Three Fannie/Freddie-related items for you:
The Foundry takes a look at the left’s crony capitalism.
“Profit-side capitalism and loss-side socialism”, as CEI’s Fred Smith put it, is more accurate.
Jim Lindgren pokes around to find out what Fannie corruptocrat Jamie Gorelick has been up to lately. You won’t be surprised.
The WSJ looks at the way forward with Fannie/Freddie:
The Treasury Secretary wants Congress to give the government more power to rein in the companies, including with a preferred stock capital injection if required. This is progress, but it’s not aggressive enough given the risks. He could make more progress more rapidly toward a safer financial system by putting the companies into federal receivership. If current law doesn’t give Treasury that power – and we hear conflicting legal claims – Mr. Paulson should seek it from Congress.

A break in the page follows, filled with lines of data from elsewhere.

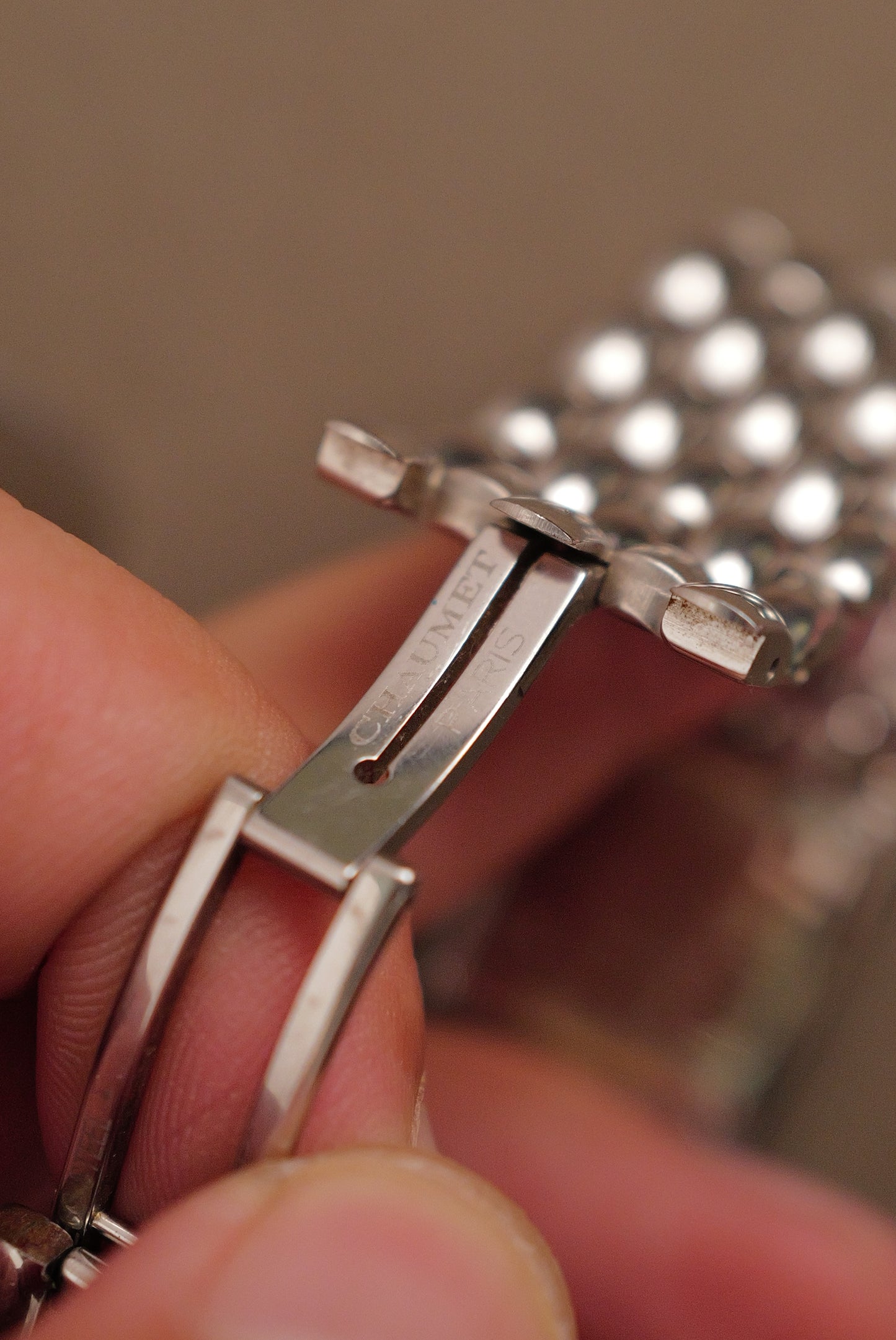 Chaumet Khesis size L w/ factory diamond & MOP dial Circa. 1990s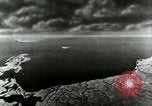 Standbild Rakete Flugbahn Peenemunde Deutschland, 1944, aus Sekunde 17 historischem Filmmaterial Videoclip 65675030632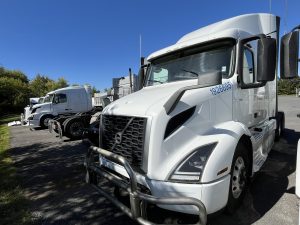 2019 VOLVO VNR 1101976-01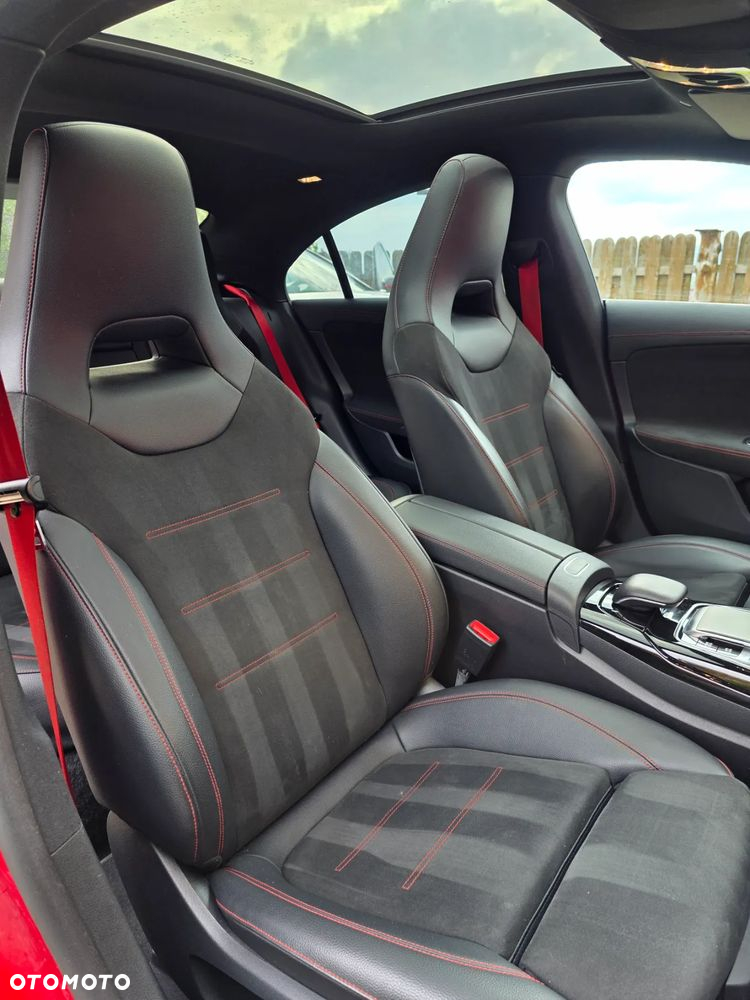 Mercedes-Benz CLA AMG 35 4-Matic 7G-DCT - 17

The Secretary could then appoint a prominent financial figure with bipartisan credibility as a receivership czar, with a mission to protect taxpayer interests. A czar would have the power to replace Fan and Fred’s management and directors, as well as give priority to taxpayers above the current private shareholders if the government does inject capital.
It’s true that this might well require a larger up-front taxpayer contribution. But after Sunday, the taxpayers know they are on the hook for big losses in any case. Putting the companies in federal receivership would insulate them from a political class that has shown itself unable or unwilling to control their risks. Without such a move, the companies could easily use the taxpayer cash as protection in the short run, emerging both larger and more dangerous. Mr. Paulson will have been stripped naked twice.
Receivership doesn’t mean the companies will fold up overnight. They continue to hold trillions of dollars in mortgage assets, and they would continue to buy and package mortgages. But as a first priority, a receiver would be able to rein in their portfolios of mortgage-backed securities (about $1.5 trillion now) that are a major source of their risk. Down the road, as the mortgage crisis eases, the receiver could decide whether to wind the companies down, sell them in parts to the private sector, or let them continue in far more restricted form.
Keep in mind that these semisocialist giants (private profit, public risk) were founded in an era when mortgages were sold and held by the same lender. The idea was that Fannie and Freddie, by buying and packaging those loans, could supply more liquidity to the mortgage market. Whether or not that taxpayer risk was worth it at the time, it clearly isn’t now that the bill is coming due and private companies can do the same thing.